CNOOC Petrochemical (03983.HK): 2018 results were in line with profit forecasts but dividends exceeded expectations

中金公司 ·  Mar 29, 2019 00:00  · Researches

2018 results are in line with profit forecasts

CNOOC's net profit of RMB 1,379 million in 2018 was RMB 1,379 million, in line with previous forecasts. Net profit for the second half of 2018 was 627 million yuan, down 17% from the previous month. However, gross profit increased by 6 percentage points year over year, exceeding our expectations (considering the possible decline in prices of major products in 4Q18, we had anticipated a month-on-month decline in 2H18 gross margin). Management said the average price of 2H18 products remained stable month-on-month.

The company's balance sheet was very strong in 2018, with net cash reaching 7.9 billion yuan at the end of the year.

The company plans to pay a dividend of 0.15 yuan/share, with a corresponding dividend yield of 6.6%, the highest level since 2012 (the company's profit exceeded 1.8 billion yuan in 2012).

Development trends

The gross margin of 1H19 is expected to decline month-on-month, mainly considering that the average price of the product may fall month-on-month.

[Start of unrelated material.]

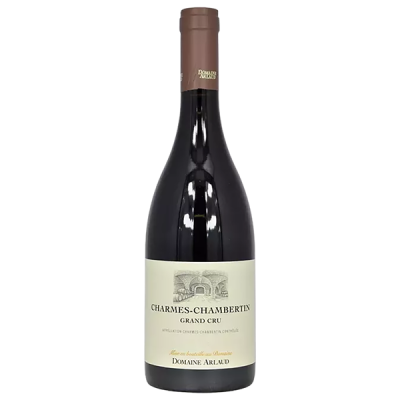 Charmes-Chambertin Grand Cru Rouge 2022 - Domaine Arlaud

We expect coal and crude oil prices to fall year over year, so there is a risk that the company's gross margin in 2019 will also decline.

The impact of potential gas price increases is expected to be limited. We expect gas price increases in the off-season to have limited impact on the company, as most of the company's gas supply comes from the long-term partnership signed with the brother company CNOOC. Only Tianye Chemical in Inner Mongolia is supplied by CNPC, and there is a risk that gas prices will rise.

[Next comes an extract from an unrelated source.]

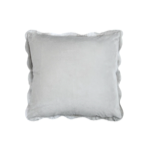 Coussin Nebraska Perle - 45x45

Dividends are expected to remain high, mainly considering the company's strong balance sheet, good cost control, and stable profit growth prospects.

Profit forecasting

The profit forecast for 2019-2020 remains unchanged, but the payout rate forecast was raised from 40% to 50%.

Valuation and advice

Maintaining the recommended rating and target price of HK$3.1, corresponding to 0.9 times the 2019 net market ratio, there is room for 21% upward from the current stock price. Currently, the company is trading 0.7 times the 2019 net market ratio.

risks

Demand for fertilisers and chemicals is weak; oil and coal prices fluctuate.

The translation is provided by third-party software.